Letters To (and From) Bethel: A Baptist Conscientious Objector

From late 1943 through the end of World War II, junior college dean Emery Johnson and other Bethel staff regularly wrote letters of greeting and encouragement to former Bethel students and the sons and daughters of Swedish Baptist General Conference churches serving in the military. Dozens wrote back, most to request copies of the denominational magazine, The Standard, and a few sustaining regular correspondence with Johnson for months or years. The file has become an invaluable resource for me as I seek to understand how the people of Bethel experienced and perceived the war.

(Bethel Academy A.J. Wingblade also tried to keep in touch with Bethel soldiers, sailors, and nurses during the First World War, but that’s a much smaller file.)

I’ve already quoted from a few of these letters in earlier posts (e.g., see my experiment with tweeting a visit to the archives) and on our draft timeline (see the year 1945 for a couple of examples). Others will no doubt find their way into the final website at various points. But for now, I thought I’d go ahead and start a series that shares some especially interesting, challenging, and often poignant excerpts from this correspondence.

I’ll start with an utterly fascinating exchange that serves as a kind of sequel to my posts exploring the limitations of pacifism at Bethel coming into the war, especially as it contrasted with the response of the country’s leading Mennonite schools to WWII.

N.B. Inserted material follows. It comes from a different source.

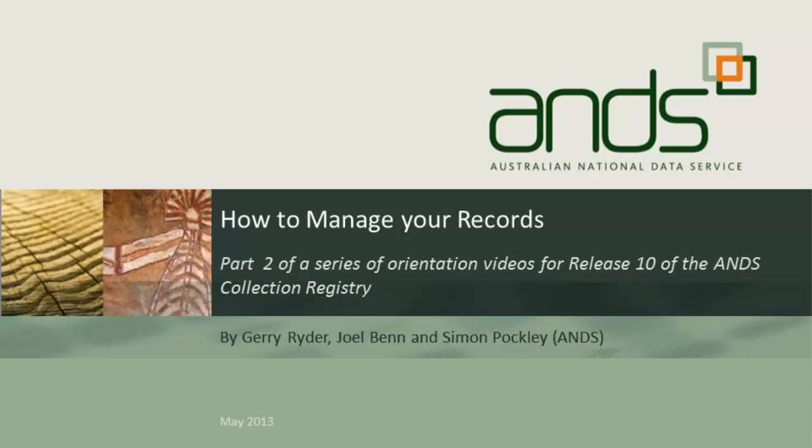This is an overview of how to manage your records. It's intended to follow the first video about how to use the data source administrator's dashboard.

WACs sorting army mail in France in 1945

Women’s Army Corps members sorting mail in France, 1945 – U.S. Army Women’s Museum

Late in 1943, Emery Johnson received a remarkable letter from Curtis Johnson (no relation, presumably — I’ll stick with first names to avoid confusion), who had received the Bethel dean’s Christmas greeting and decided “to correct the impression that you have that I am in the armed forces.” While Curtis had spent two years in ROTC at the University of Nebraska, that experience only left him

resolved that so long as life lasts, I would not permit myself to be enrolled in such an organization whose sole purpose is that of forcing a brother man to concede to our collective will, under penalty of death at our hands. The practice of war is, to put it but mildly, no more than government-sanctioned mass murder; and of course, one that has as his sole guide (poorly tho he may follow it) the example and teaching of such a one as Christ, finds it difficult to reconcile these entirely opposite behaviors in his thinking.

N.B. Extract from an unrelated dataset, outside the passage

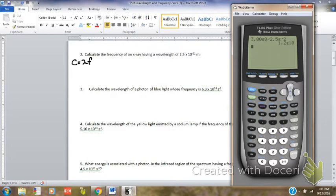Question number two, from your notes over wavelength, frequency, and energy. I know I'm going to use the formula that I wrote here, because the question does not mention anything about energy. It's only asking about frequency and gives me the wavelength.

Curtis Johnson, it turned out, was one of the rare Americans who categorically refused to go to war in 1941-1945: “They label us variously — conscientious objectors – pacifists – conchies – C.O.’s, religious objectors — and others that shouldn’t be printed.” While Curtis was not among those “in prison for the heinous crime of refusing to kill our fellow-man,” he was one of the thousands who instead worked in the Civilian Public Service (CPS), “serving out the duration in manual-labor, without pay of any kind, for the same reason.” Curtis Johnson entered the CPS in June 1941. (Here’s his record at the Civilian Public Service Story website.) In late 1943, he was at CPS Camp No. 27 in northern Florida, where workers helped the state health board to combat hookworm.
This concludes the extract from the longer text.